Dans ce havre du capitalisme financier célèbre pour ses immenses gratte-ciel climatisés, les dai pai dong sont l’occasion rare de manger en terrasse et rappellent aux nostalgiques un passé révolu.
Ces minuscules restaurants sont en fait des stands installés en pleine rue ou sur le trottoir. Les cuisiniers y officient aux yeux de tous. Jour et nuit, les clients mangent assis à des tables pliantes sur des tabourets en plastique.
«Je me sens bien dans les dai pai dong. Il n’y a pas de restrictions. Je peux parler de mon enfance en fumant», raconte Lau Yat-keung, 61 ans, assis sous un parasol recouvert d’une bâche dans le quartier populaire de Sham Shui Po.
«Je ne vois aucune raison d’aller dans les chaînes de restauration rapide. Les jeunes vous considèrent là-dedans comme démodé», dit-il.
Les kisoques qui résistent au temps proposent aux chalands les valeurs sûres de la cuisine cantonaise: soupes fumantes de nouilles, thé au lait bien corsé, pain perdu au beurre de cacahuète.
Des plats simples qui n’ont pas grand impact sur le portefeuille: une assiette de tripes ou d’oie rôtie coûte l’équivalent de 6$, un plat de nouilles à la viande et à l’œuf 3,40$…
Érosion naturelle
Cependant, l’heure de gloire des dai pai dong est révolue.
Après la guerre, le nombre de restaurants de rue avait augmenté à mesure que s’installaient à Hong Kong des Chinois du continent. Mais le colonisateur britannique s’était rapidement inquiété des conditions d’hygiène et des nuisances sur la voie publique qu’ils pouvaient occasionner.
Les autorités britanniques ont cessé d’accorder de nouveaux permis dans les années 1970 après avoir déjà assorti de conditions nombreuses le transfert des permis existants. Les propriétaires de licence qui acceptaient de s’en séparer volontairement étaient rémunérés.
Résultat: seuls 24 dai pai dong sont encore en activité. Un déclin qui s’explique par «l’érosion naturelle», disent les autorités. Chong Yuk-sik, auteure d’un ouvrage sur l’histoire de ces kiosques, accuse au contraire le gouvernement de les laisser mourir.
Pressées d’agir pour préserver ces restaurants, les autorités ont mis les bouchées doubles dans le quartier d’affaires de Central: les réseaux d’alimentation en eau, en électricité et en gaz de ville ont été améliorés, les rues ont été goudronnées de frais, des fosses de déversement des eaux usées ont été creusées…

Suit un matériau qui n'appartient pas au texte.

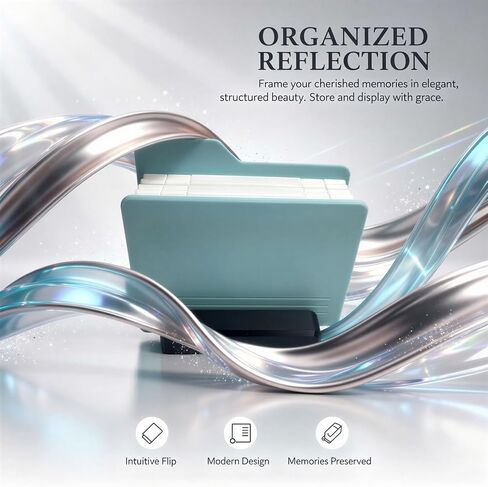 2 Pcs Desktop Photo Album for Instax, 12 Photos Capacity Folding Accordion Picture Display with Stand Base, Blue Home Office Decor Creative Frame Present in Kuwait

Malgré tout, l’avenir des dai pai dong semble incertain.
«Le futur n’invite pas à l’optimisme», dit Tsang Yau-lin, à Sham Shui Po, dont les photos de famille en noir et blanc témoignent de l’évolution d’une affaire familiale lancée par son père dans les années 1950.
«Dans les deux ou trois prochaines années, les immeubles du quartier vont être détruits et les dai pai dong vont se mettre en travers des projets de certains groupes immobiliers. Je pense qu’ils seront délocalisés», dit-elle.
L’ancienne colonie britannique compte des milliers de restaurants, des plus simples aux plus sophistiqués: 64 établissements sont étoilés au Michelin et les chefs parmi les plus grands du monde y exercent leur art.
Mais pour de nombreux Hongkongais, les stands de rue, leurs seaux de couteaux de mer vivants prêts à passer à la casserole et leurs néons fluorescents font partie d’un héritage qu’il faut préserver.
«Je crois que nous devrions chérir notre culture locale, faute de quoi, nous serons comme toutes les autres villes», dit l’auteure Chong Yuk-sik. «Comment faire pour que Hong Kong reste unique? Je crois que les dai pai dong sont l’une des réponses».